TOLSTOY, LENIN AND THE VOLGA FAMINE

Written by Vladimir Moss

TOLSTOY, LENIN AND THE VOLGA FAMINE

 

     The Tsarist government’s lack of support at the local level was glaringly revealed during the Volga famine of summer, 1891, which was caused by severe frosts in the winter followed by drought in the spring, and “exacerbated by the policy to finance industrialization by borrowing, which in turn had to be paid for by selling grain abroad.”[1] Covering an area twice the size of France, the famine together with the consequent cholera and typhus had killed half a million people by the end of 1892. On November 17, the government appointed the Tsarevich Nicholas as president of a special commission to provide help to the suffering, and was forced to appeal to the public to form voluntary organizations.

 

     At the height of the crisis, in October, 1891, Elder Ambrose of Optina died; and with his passing it seemed as if the revolutionary forces, which had been restrained for a decade, came back to life. They were led now by a privileged noble, the writer Count Lev Tolstoy, whom St. Ambrose had called “very proud” and who now joined the relief campaign. Under his influence the lawful expression of compassion for the poor in response to the state’s appeal was turned into an unlawful attack on the very foundations of that state.

 

     “With his two eldest daughters,” writes Oliver Figes, “he organized hundreds of canteens in the famine region, while Sonya, his wife, raised money from abroad. ‘I cannot describe in simple words the utter destitution and suffering of these people,’ he wrote to her at the end of October 1891. According to the peasant Sergei Semenov, who was a follower of Tolstoy and who joined him in his relief campaign, the great writer was so overcome by the experience of the peasants’ sufferings that his beard went grey, his hair became thinner and he lost a great deal of weight.
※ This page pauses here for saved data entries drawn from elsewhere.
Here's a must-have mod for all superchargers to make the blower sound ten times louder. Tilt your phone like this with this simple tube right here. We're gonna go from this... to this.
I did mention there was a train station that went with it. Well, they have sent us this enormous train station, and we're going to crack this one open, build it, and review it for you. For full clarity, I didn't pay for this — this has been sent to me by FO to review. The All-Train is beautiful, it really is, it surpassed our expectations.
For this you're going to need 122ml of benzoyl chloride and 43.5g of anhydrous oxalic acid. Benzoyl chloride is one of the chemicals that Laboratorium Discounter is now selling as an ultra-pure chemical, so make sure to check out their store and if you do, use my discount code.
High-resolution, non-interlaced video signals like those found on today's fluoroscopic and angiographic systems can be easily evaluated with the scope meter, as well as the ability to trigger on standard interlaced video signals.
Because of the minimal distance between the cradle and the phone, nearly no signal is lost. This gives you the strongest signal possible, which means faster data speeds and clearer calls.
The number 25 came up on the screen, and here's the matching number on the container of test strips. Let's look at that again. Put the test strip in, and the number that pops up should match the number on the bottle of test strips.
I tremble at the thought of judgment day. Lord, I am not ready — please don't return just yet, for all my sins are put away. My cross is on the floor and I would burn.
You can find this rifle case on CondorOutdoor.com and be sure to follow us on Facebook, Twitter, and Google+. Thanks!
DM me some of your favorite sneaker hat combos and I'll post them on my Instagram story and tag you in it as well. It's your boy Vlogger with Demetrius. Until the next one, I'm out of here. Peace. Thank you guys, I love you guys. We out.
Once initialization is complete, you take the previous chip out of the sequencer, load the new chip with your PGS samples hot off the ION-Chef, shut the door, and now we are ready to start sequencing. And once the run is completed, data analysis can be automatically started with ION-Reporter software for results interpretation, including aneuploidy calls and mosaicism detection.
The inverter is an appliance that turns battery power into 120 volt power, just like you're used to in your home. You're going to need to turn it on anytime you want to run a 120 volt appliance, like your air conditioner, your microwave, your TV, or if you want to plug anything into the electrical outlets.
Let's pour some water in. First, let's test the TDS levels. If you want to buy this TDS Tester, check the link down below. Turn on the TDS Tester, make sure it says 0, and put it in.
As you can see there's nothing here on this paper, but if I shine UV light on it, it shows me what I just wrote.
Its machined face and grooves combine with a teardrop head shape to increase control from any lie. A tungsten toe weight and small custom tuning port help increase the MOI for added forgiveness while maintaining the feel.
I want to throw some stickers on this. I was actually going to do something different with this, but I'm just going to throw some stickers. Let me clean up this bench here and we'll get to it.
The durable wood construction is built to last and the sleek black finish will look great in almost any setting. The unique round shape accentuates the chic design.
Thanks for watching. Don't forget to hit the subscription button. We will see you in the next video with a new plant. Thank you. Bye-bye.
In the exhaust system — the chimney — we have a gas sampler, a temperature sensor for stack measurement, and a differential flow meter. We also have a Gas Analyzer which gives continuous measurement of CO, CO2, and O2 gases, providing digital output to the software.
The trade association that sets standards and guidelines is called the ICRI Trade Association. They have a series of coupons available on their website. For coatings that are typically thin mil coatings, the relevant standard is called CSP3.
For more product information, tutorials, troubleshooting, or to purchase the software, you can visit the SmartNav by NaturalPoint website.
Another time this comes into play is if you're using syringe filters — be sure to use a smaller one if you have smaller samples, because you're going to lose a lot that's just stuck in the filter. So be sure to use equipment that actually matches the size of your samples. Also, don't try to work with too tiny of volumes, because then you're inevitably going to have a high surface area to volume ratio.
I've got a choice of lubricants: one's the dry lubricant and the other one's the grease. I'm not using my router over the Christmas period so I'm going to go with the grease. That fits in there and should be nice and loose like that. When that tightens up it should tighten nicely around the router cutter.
The guilt-ridden Count blamed the famine crisis on the social order, the Orthodox Church and the government. ‘Everything has happened because of our own sin,’ he wrote to a friend in December. ‘We have cut ourselves off from our own brothers, and there is only one remedy – by repentance, by changing our lives, and by destroying the walls between us and the people.’ Tolstoy broadened his condemnation of social inequality in his essay ‘The Kingdom of God’ (1892) and in the press. His message struck a deep chord in the moral conscience of the liberal public, plagued as they were by feelings of guilt on account of their privilege and alienation from the peasantry. Semenov captured this sense of shame when he wrote of the relief campaign: ‘With every day the need and misery of the peasants grew. The scenes of starvation were deeply distressing, and it was all the more disturbing to see that amidst all this suffering and death there were sprawling estates, beautiful and well-furnished manors, and that the grand old life of the squires, with its jolly hunts and balls, its banquets and its concerts, carried on as usual.’ For the guilt-ridden liberal public, serving ‘the people’ through the relief campaign was a means of paying off their ‘debt’ to them. And they now turned to Tolstoy as their moral leader and their champion against the sins of the old regime. His condemnation of the government turned him into a public hero, a man of integrity whose word could be trusted as the truth on a subject which the regime had tried so hard to conceal.”[2]

 

     Already for over a decade, Tolstoy had abandoned his profession of a writer, for which everyone admired him and which gave him and millions of readers in many countries deep pleasure, for that of a false prophet who undermined the faith of millions in the true meaning of the Gospel. In a series of publications, Tolstoy denied all the dogmas of the Christian Faith, including the Trinity and the Divinity of Christ, and every miraculous element in the Bible. The only part of the Gospel that he clung to was the Sermon on the Mount – but interpreted in a perverse way that led him to denounce property as theft, sexual activity as evil even in marriage, and all governments, armies and penal systems as unnecessary evils that only engendered further evils. While preaching poverty and love, he failed to practice what he preached in his own life, to the great distress of his wife and family; and while his work in relieving the effects of the famine was undoubtedly good, the use he made of the publicity he received from it was no less undoubtedly evil.

 

     Exploiting his fame and aristocratic birth, Tolstoy denounced the government, not only for the Samaran famine, but for almost everything else. As A.N. Wilson writes, he “defied his own Government’s censorship by printing appeals in The Daily Telegraph [of London]. Rumours began to reach the Tolstoys that the Government was thinking of taking action against him… The Minister for the Interior told the Emperor that Tolstoy’s letter to the English press ‘must be considered tantamount to a most shocking revolutionary proclamation’: not a judgement that can often have been made of a letter to The Daily Telegraph. Alexander III began to believe that it was all part of an English plot and the Moscow Gazette, which was fed from the Government, denounced Tolstoy’s letters as ‘frank propaganda for the overthrow of the whole social and economic structure of the world’.”[3] If such a characterization may seem absurdly exaggerated when made of the apostle of non-violence, it must be remembered that Tolstoy’s words could well have been interpreted as a call for world revolution, and that he did more for the revolutionary cause than a thousand professional conspirators.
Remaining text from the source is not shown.